All legal cases against former minister of trade and industry Rachid Mohamed Rachid are to be dropped according to a settlement agreement reached with the Judicial Committee assigned and chaired by Prosecutor General Nabil Sadek.
The committee decided to approve the settlement after reviewing official reports that confirmed Rachid’s innocence, and verified that the wealth and investments of the former minister’s family existed before his appointment as minister in 2004, according to a well-informed judicial source on the legal procedures.
Rachid was an Egyptian entrepreneur and businessman before being a minister in Hosni Mubarak’s cabinet. Following his appointment in 2004, he started the process of liberalising Egypt’s industrial sectors, attracting foreign direct investment into industry and creating jobs.
During the 25 January Revolution in 2011, in an effort to contain the protests, Mubarak called for a government resignation and called on Rachid to become prime minister and form a new cabinet. Rachid refused. Similarly, when he was later asked by prime minister Ahmed Shafiq to continue in his role as minister of trade and industry, he also declined.
He decided to leave Egypt in February 2011 in fear of political retribution. Shortly thereafter, the prosecutor general imposed a travel ban on Rachid and other former ministers and political figures, and froze all their assets.
Consequently, he was accused in two different cases. Case No. 1372/2011, known as “licences to steel companies”, saw Rachid accused of granting licences for certain iron and steel plants to certain companies without charge.

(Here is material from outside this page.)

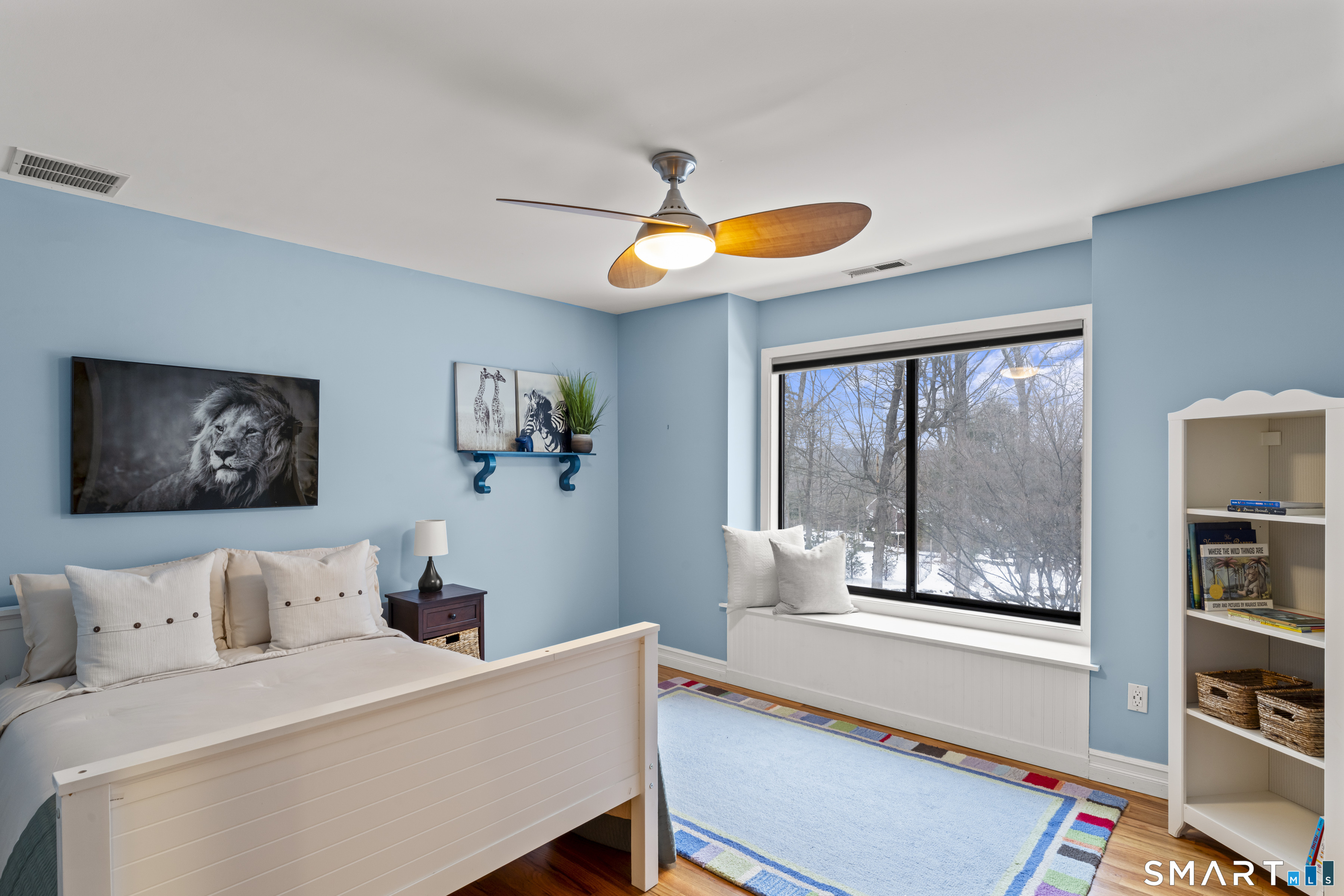211 Pinewood Road Stamford, CT 06903 - Photo 24 of 38 a living room with furniture and a floor to ceiling window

The prosecutor did not allege that Rachid personally received the amounts claimed. The former minister had no role in the decision to grant licences to these companies, but rather acted in accordance with the instruction of an 11-member energy committee chaired by the prime minister at the time.
In fact, one year after Rachid’s accusation, in another investigation covering the same matter but involving the Egyptian companies that were granted the free licences, the prosecutor confirmed that no crime was committed in issuing the free licences to the steel companies in question.
The second case in question is No. 13/2014, publicly known as the “illicit gains” case. The Illicit Gains Authority, which was formed following Mubarak’s step-down, investigated the accusation that Rachid exploited his official position as a member of the National Democratic Party to obtain inside information regarding two capital increases of EFG Hermes Holding Company.
The first EFG Hermes increase took place in November 2003, and the second in February 2006. Rachid sold the subscribed shares between 2005 and 2007, realising a gain of EGP 520m.
Consequently, the authority requested to present its findings before the Egyptian Criminal Courts. Accordingly, in August 2014, the court sentenced Rachid and his daughter Alia in absentia to fifteen years imprisonment and a fine of EGP 520m.
Moreover, as required by law, the prosecutor requested that the Egyptian Financial Supervisory Authority (EFSA) investigate Rachid’s involvement in the EFG Hermes Holding Company’s capital increases. EFSA later concluded that such allegations were baseless and that there was no wrongdoing in their report issued in December 2014.